Una storia il cui principio è una richiesta ai lettori: “Fate silenzio, ascoltate con insicurezza, non fate domande finte e risposte previste. Adesso parla l’opera…” una premessa che ricalca un po’ le orme del famoso incipit di Italo Calvino in “Se una notte d’inverno un viaggiatore”.
Un romanzo la cui narrazione è influenzata dagli insegnamenti freudiani, una sorta di autoanalisi impostata come un dialogo tra autore e lettore. Una vicenda che mette a nudo l’interiorità del proprio animo mediante un discorso tra lo scrittore e il suo stesso Io. In un dialogo, un soliloquio con il proprio sé.
Una narrazione che invita alla riflessione, in un’analisi del genere umano dove, in un mondo offuscato dall’odio e dall’indifferenza, le persone hanno smesso di porsi delle semplici domande, del capire i propri sogni, di voler raggiungere tali sogni, di pensare e di volere il bene. L’atto del riflettere, ormai, non esiste più. Perché? Perché l’uomo teme il confronto, innanzitutto con se stesso e poi con gli altri.

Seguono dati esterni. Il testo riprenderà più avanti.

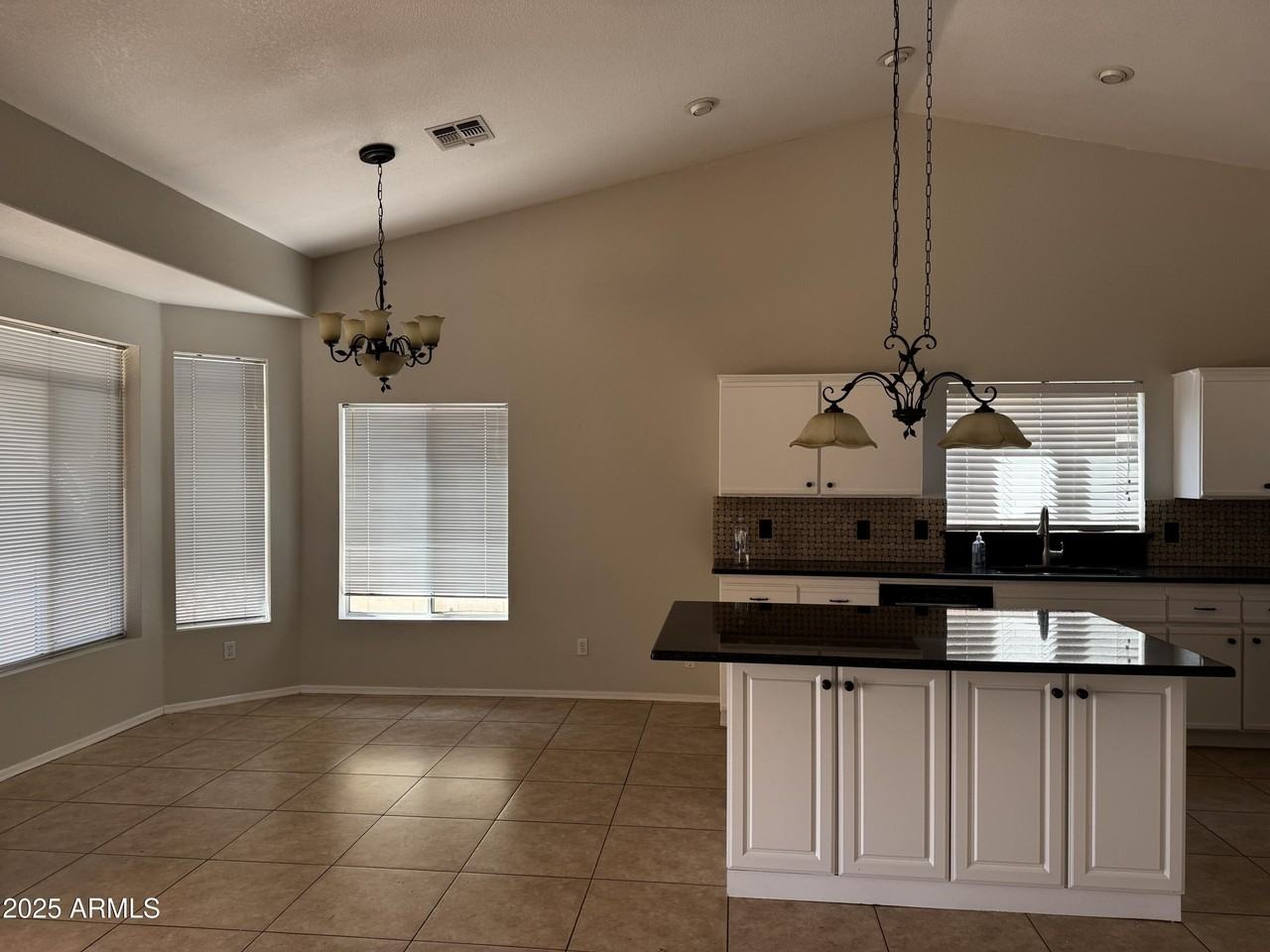 15121 West Fairmount Avenue - Photo 3 of 19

Firenze. L’autore in un dialogo continuo con il proprio sé, incontrerà una serie di bislacchi personaggi, ognuno dei quali solleverà un quesito sulla natura umana. In un crescendo di riflessioni e incontri bizzarri, l’autore incrocerà lo sguardo di una ragazza misteriosa tra gli scaffali di una libreria che, come guidata da una forza soprannaturale, non riuscirà a fare a meno di osservarlo e porgli un quesito. Un quesito che li trascinerà in uno scambio di concetti fluente, che permetterà loro di esplorare le varie sfaccettature dell’arte, della psicoanalisi, in un dialogo avvolgente e sviscerante delle paure che logorano i loro animi in un incontro probabilmente stabilito dal fato.

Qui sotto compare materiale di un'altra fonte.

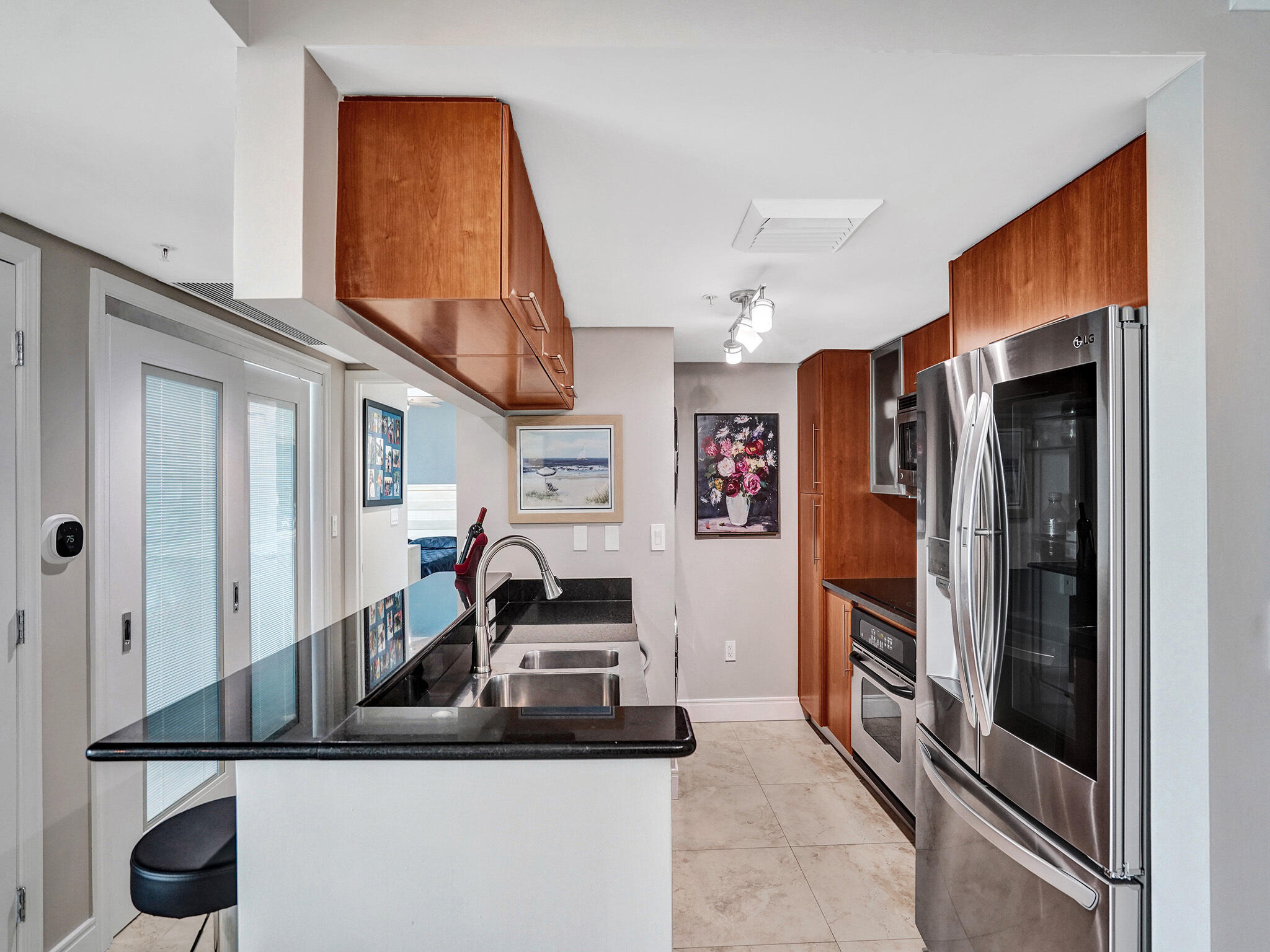 SYMPHONY SOUTH CONDO - Residential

Tutto ebbe inizio insperatamente, come di consueto accade, su un niente di un intervallo improvviso sopra un palcoscenico spento. Intendo senza riflettori. Dinanzi a quel palco il pubblico, come la scena, era assente e taciturno. Nessuna luce, nessuna melodia, nessuna voce, nessun suono, nessun applauso. Un meditativo vuoto stava attendendo le parole (ma quali!?). Dal niente, dallo zero radicato nella vita ebbe inizio l’opera. Nel mio linguaggio verbale un mormorio fastidioso dimorava e strillava come un neonato. Non riuscivo a esprimere dialettica ragionevole perché disturbato da una lagnanza.

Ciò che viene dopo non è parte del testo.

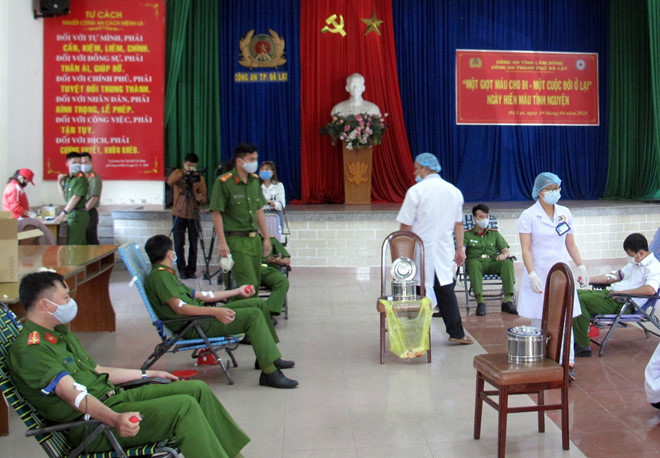 Cán bộ chiến sĩ trẻ Công an TP. Đà Lạt hiến máu nhân đạo. Ảnh: Lâm Viên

Nella struttura stessa della sua parola risiedeva una pausa, uno spazio, un taglio, un lamento che indicava l’impossibilità di eliminare quel sibilo. Lentamente le nostre lingue si scontrarono. Nella mia parola dimorava la sua. Nell’azione del parlare una ferita, incisa nelle mie profondità dialettiche, spalancava il suo spacco concedendo voci dubbie e deluse. Le nostre pronunce linguistiche si incrociavano, si mischiavano, si attorcigliavano l’una con l’altra come due ofidi conducendoci a un desiderio sconosciuto. Durante quel colloquio i due dialetti si stemperarono sino a divenire una sola lingua. La sua diventò mia e la mia diventò sua. Parlavamo allo stesso tempo con una sola lingua ma in quello stesso tempo c’erano tre lingue: la mia, la sua e quella universale. Fu veramente coinvolgente l’incontro avvenuto in una nota libreria di Firenze. Prima di esso, però, ce ne furono degli altri.
La città rimase ipnotizzata e impietrita dinanzi a quelle parole-non-dette. Avvenne un dialogo o un colloquio, tra me e una donna, il quale non richiedeva di essere capito, bensì di essere soltanto assistito. Pretendeva di non bloccare l’ascolto e di non arrestarlo con l’esaurimento della comprensione. Era semplicemente una distribuzione di alcuni linguaggi e vocaboli da parte di una conversazione che esponeva il proprio pensiero nodoso. Il pensiero dei due. Tale chiacchierata desiderava che entrambi, io e la donna, ci lasciassimo andare nella narrazione e nell’ascolto di lui.
Quella “conversazione” segnò la mia giornata e parte della mia esistenza. Fu uno di quegli incontri di cui si percepisce subito la fatalità. Ha lasciato qualcosa di ignoto dentro e fuori di me. Presumibilmente una parola, una domanda, un desiderio, un fondo, un sapere da non intendere, una verità priva di conoscenza.
Simone Ceccarelli è nato nella cittadina di Bagno a Ripoli, nel 1983, alle porte di Firenze.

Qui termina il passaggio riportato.